2.1.3.2.5 - Conditional Probability

A conditional probability is the probability of one event occurring given that a second event is known to have occurred. This is communicated using the symbol \(\mid\) which is read as "given." For example, \(P(A\mid B)\) is read as "Probability of A given B."

A conditional probability can be computed using a two-way contingency table. In the examples below, note that we're only interested in the events in one row or column.

Example: PA Resident given Undergraduate Section

The two-way contingency table below displays Penn State World Campus enrollments from Fall 2019 in terms of academic level (undergraduate and graduate) and state residency (Pennsylvania and non-Pennsylvania).

Two-Way Table of Academic Level and State Residency
	Pennsylvania	Non-Pennsylvania	Total
Undergraduate	3757	4603	8360
Graduate	2253	4074	6327
Total	6010	8677	14687

Given an individual is an undergraduate student, what is the probability they are a Pennsylvania resident?

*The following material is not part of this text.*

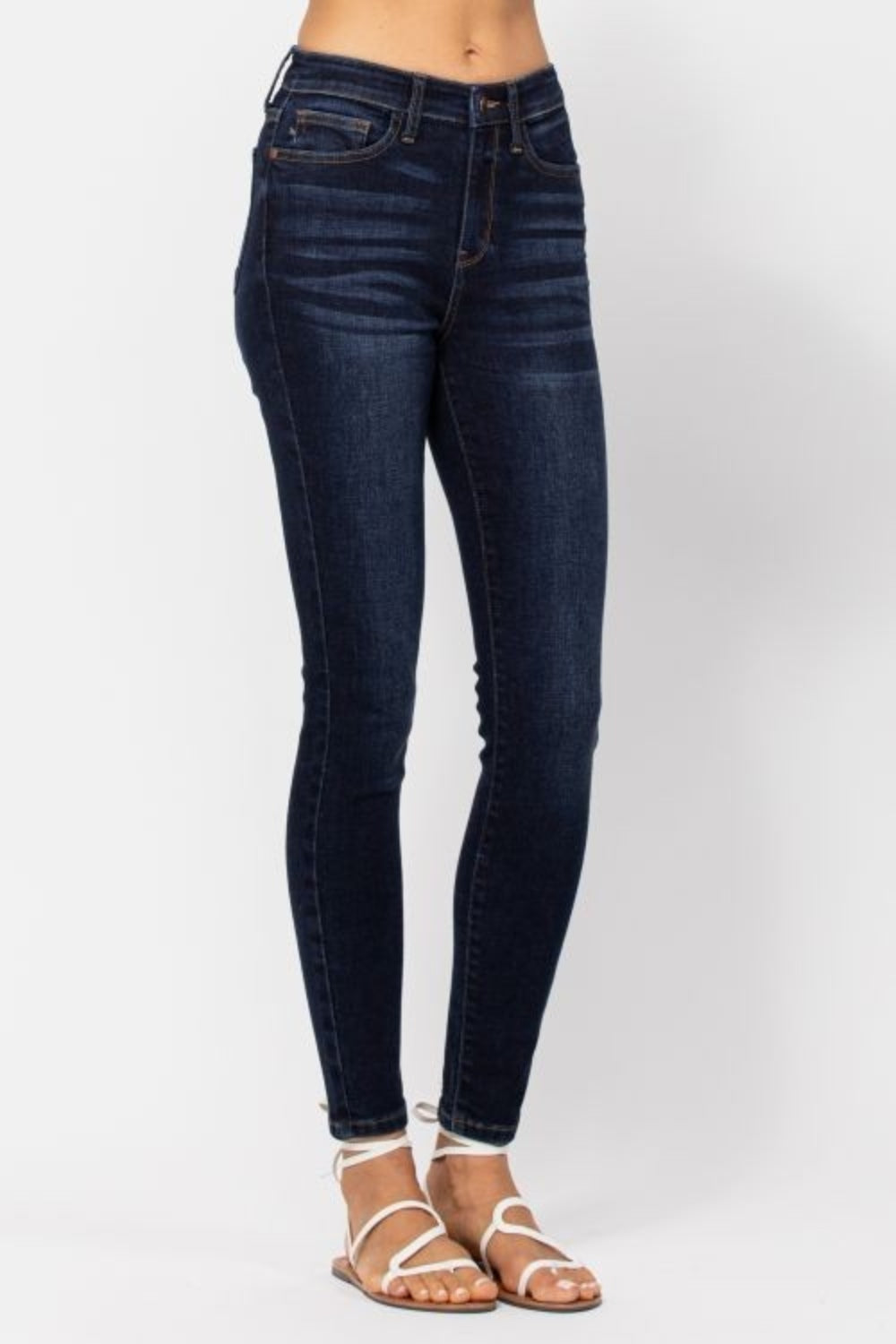 High Waist Handsand Skinny Jeans - Judy Blue - Jeans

We know the individual is an undergraduate student, so we will only look at the row containing the 8360 undergraduate students. Of those 8360 undergraduate students, 3757 were Pennsylvania residents.

\(P(PA \mid Undergrad) = \dfrac{3757}{8360}=0.449\)

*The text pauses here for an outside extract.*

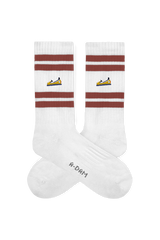 A-dam - Sokken  'Burgundy Stripes Bumper '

Given an individual is a Pennsylvania resident, what is the probability they are an undergraduate student?

Note that most cases, \(P(A\mid B) \ne P(B \mid A)\). This question is different from the first question because the two events are flipped. Here, we know the individual is a Pennsylvania resident, we we will only look at the column containing the 6010 Pennsylvania residents. Of those 6010 Pennsylvania residents, 3757 were undergraduate students.

\(P(Undergrad \mid PA) = \dfrac{3757}{6010}=0.625\)

What proportion of graduate students are Pennsylvania residents?

This question is worded slightly differently, but it is also a conditional probability. This translates to \(P(PA \mid Graduate)\). Of the 6327 graduate students, 2253 were Pennsylvania residents.

\(P(PA \mid Graduate) = \dfrac{2253}{6327}=0.356\)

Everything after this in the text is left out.